* **Information**
•••••

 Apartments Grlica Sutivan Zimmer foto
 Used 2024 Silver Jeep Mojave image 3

•••••

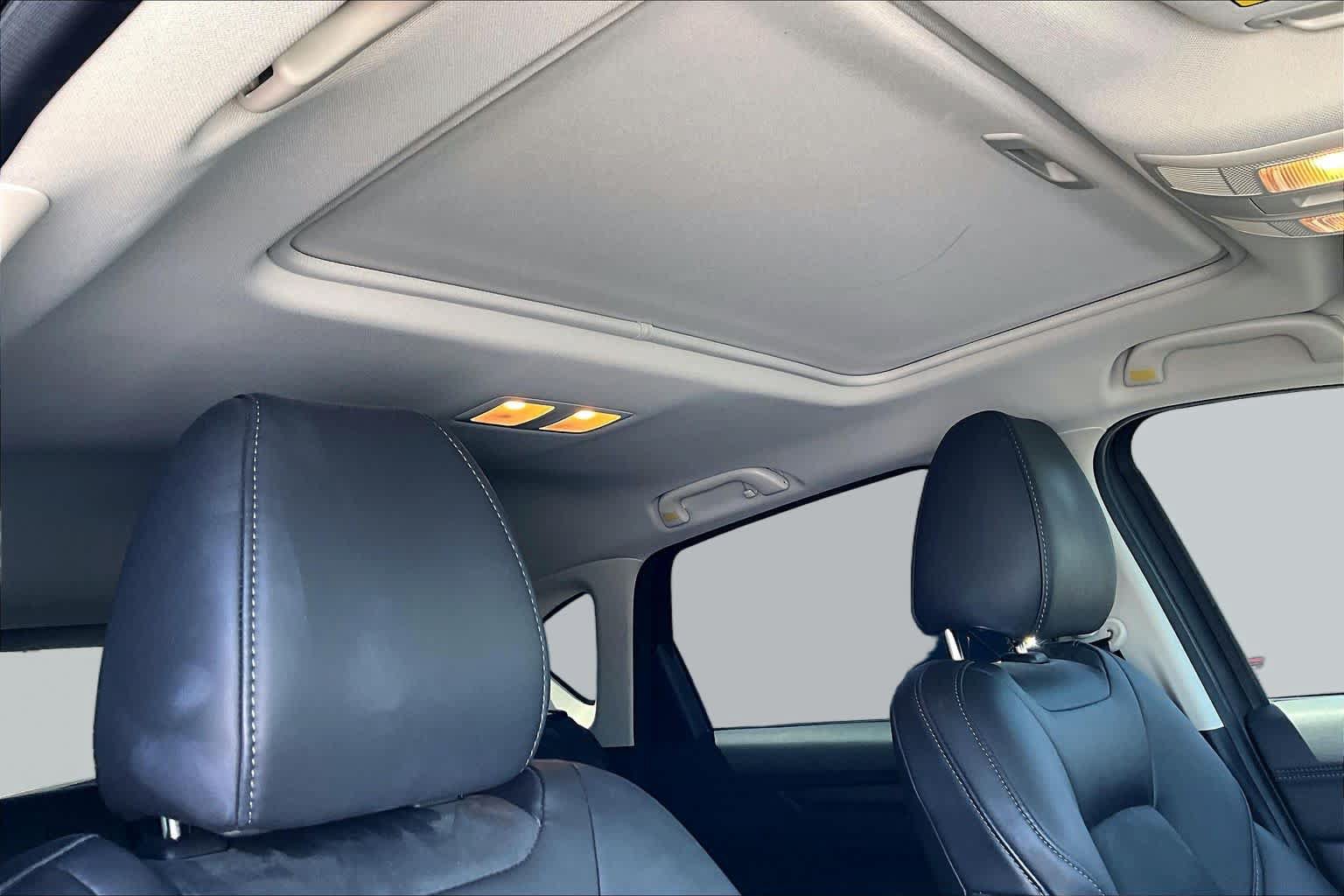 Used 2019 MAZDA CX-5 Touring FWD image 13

•••••

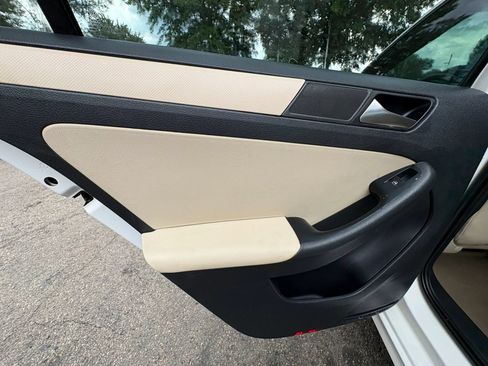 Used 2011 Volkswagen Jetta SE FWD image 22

•••••

* **Task to complete**
Only the lines above from the one with "Apartments Grlica Sutivan Zimmer foto" up to and including the one with "Used 2024 Silver Jeep Mojave image 3" should be repeated, exactly as written.

* **Answer section**
 Apartments Grlica Sutivan Zimmer foto
 Used 2024 Silver Jeep Mojave image 3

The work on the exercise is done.